Backing Off Surveillance for Barrett's Esophagus Possible

Damian McNamara

May 09, 2017

CHICAGO — For people with Barrett's esophagus who have nondysplastic findings on two consecutive follow-up endoscopies, surveillance for progression can often be relaxed, according to a large nationwide Dutch registry study.

"After two consecutive nondysplastic Barrett's esophagus findings, you can consider a longer interval for surveillance, maybe up to 6 or 7 years," said Yvonne Peters, MD, from the Radboud University Medical Center in Nijmegen, the Netherlands.

Persistent nondysplastic findings reflect a lower-risk population, she explained. "I think surveillance for patients with persistent nondysplasia could be stopped in some cases, so they are not exposed every 3 to 5 years," she added.

As it is performed currently, "surveillance is not effective," she told Medscape Medical News. But "it's really important to identify patients who are likely to progress to adenocarcinoma, as well as those patients who are not likely to progress."

The surveillance strategy should be individualized for each patient, Dr Peters emphasized. People with a longer segment are at higher risk, for example, in part because there is a higher likelihood that biopsy sampling could miss dysplasia. In addition, men tend to progress more than women.

After two consecutive nondysplastic Barrett's esophagus findings, you can consider a longer interval for surveillance, maybe up to 6 or 7 years.

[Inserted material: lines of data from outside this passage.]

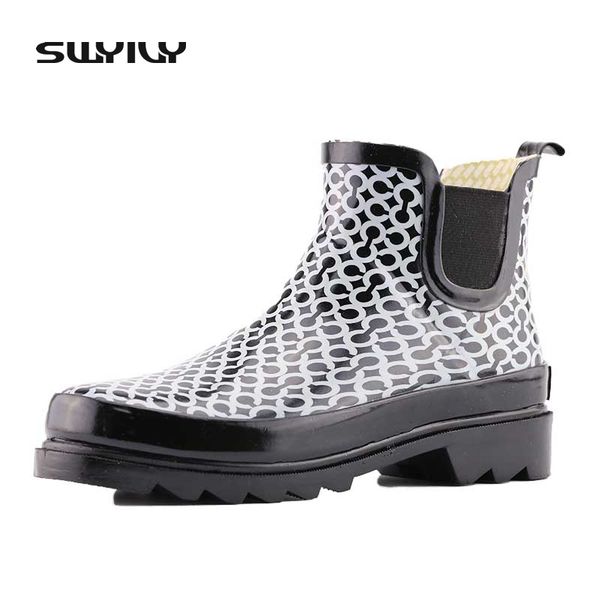 

ankle boots women rain boots rainboots botas femininas 2017 rubber galocha red and black platform women's shoes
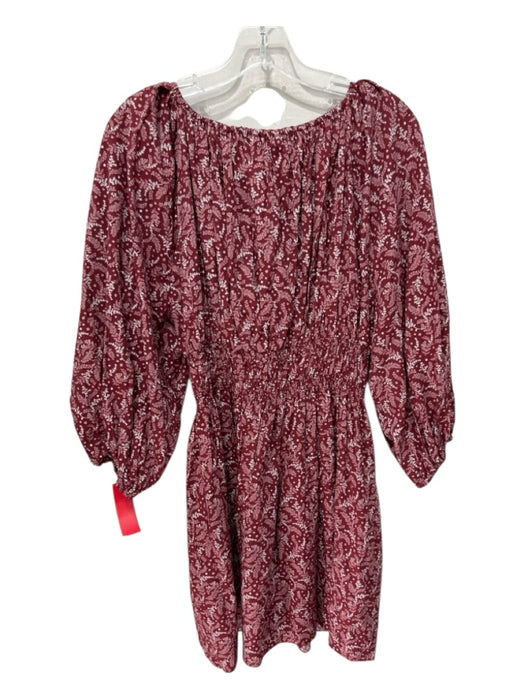 Madewell Size 4 Red, Pink, & White Cotton & Viscose Elastic Floral Print Dress Red, Pink, & White / 4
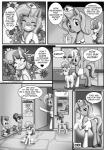 2016 absurd_res anibaruthecat candy clothed clothing cobalt_the_unicorn comic cutie_mark dessert dialogue digital_media_(artwork) door earth_pony english_text equid equine eyes_closed fan_character feathered_wings feathers female feral flower food friendship_is_magic ginger_snap_(mlp) glowing greyscale group hair hasbro hat headgear headwear hi_res hooves horn horse inside lollipop looking_at_viewer magic mammal monochrome my_little_pony mythological_creature mythological_equine mythology nurse nurse_clothing nurse_uniform open_mouth pegasus plant pony reading rumble_(mlp) sitting smile sweetie_belle_(mlp) text underhoof unicorn uniform url wings young young_feral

"Maybe in female patients with 2 to 3 cm length of Barrett's esophagus after two consecutive nondysplastic endoscopies, surveillance can be stopped," she suggested during a presentation that generated a lot of discussion here at Digestive Disease Week 2017.

In their study, Dr Peters and her colleagues evaluated the outcomes of 12,729 people diagnosed with Barrett's esophagus from 2003 to 2012.

During the median follow-up of 5.1 years, 6632 patients underwent one follow-up endoscopy, 3491 underwent two, 1590 underwent three, 654 underwent four, and 362 underwent five. Malignant progression occurred in 437 patients, or 3.4% of the study cohort.

At the first follow-up endoscopy, 93.0% of patients had no evidence of dysplasia, 5.3% had progressed to low-grade dysplasia, and 1.6% had evidence of high-grade dysplasia or esophageal adenocarcinoma.

Rates of Esophageal Adenocarcinoma

Overall, rates of progression to esophageal adenocarcinoma were 0.47 per 100 person-years, and to either high-grade dysplasia or esophageal adenocarcinoma were 0.68 per 100 person-years.

However, for patients with at least two consecutive follow-up endoscopies with nondysplastic findings, those rates were 0.26 and 0.40, respectively, per 100 person-years.

For people with at least five consecutive nonprogressive endoscopies, the relative risk reduction for the development of esophageal adenocarcinoma was 75%, and the progression rate was 0.13 per 100 person-years.

In addition, for every year of follow-up, the risk of developing cancer decreased by 15%. "It will be interesting to see if there is an end point for progression-free survival," Dr Peters said.

Strengths of this study include its population-based cohort of unselected patients, a mean follow-up of 5.1 years, and the large number of patients with one, two, or three surveillance endoscopies. Limitations include the fact that it is a registry-based study with no clinical data, such as body mass index, available.

After the presentation, a member of the audience pointed out that people who had undergone more surveillance endoscopies would likely have undergone the procedure more recently than those who had undergone fewer procedures, and this was a potential source of bias.

"That is a good suggestion," Dr Peters said. "We have not looked at the year of diagnosis."

Another audience member pointed out that research has demonstrated a steady increase in the risk for progression to dysplasia over time. Differences in populations, like veterans, could explain the conflicting findings, said the session moderators.

Findings from this study support those from a study conducted in an American population (Gastroenterology. 2013;145:548-553).

In that study, researchers "found that in patients with consecutive endoscopies showing nondysplastic Barrett's esophagus, there is a much lower risk of esophageal adenocarcinoma than in other patients," said Prashanthi Thota, MD, from the Cleveland Clinic.

In addition to extending the surveillance interval, it would be good to know "if we can stop the surveillance at a certain age," Dr Thota said.

"We generally stop doing colonoscopies at age 75. Between 75 and 85, it's discretionary, depending on the physician and patient," she explained. But for Barrett's esophagus, screening and surveillance do not have any upper age limit. "That's where this information would be useful."

Dr Peters and Dr Thota have disclosed no relevant financial relationships.

Digestive Disease Week (DDW) 2017: Abstract 535. Presented May 8, 2017.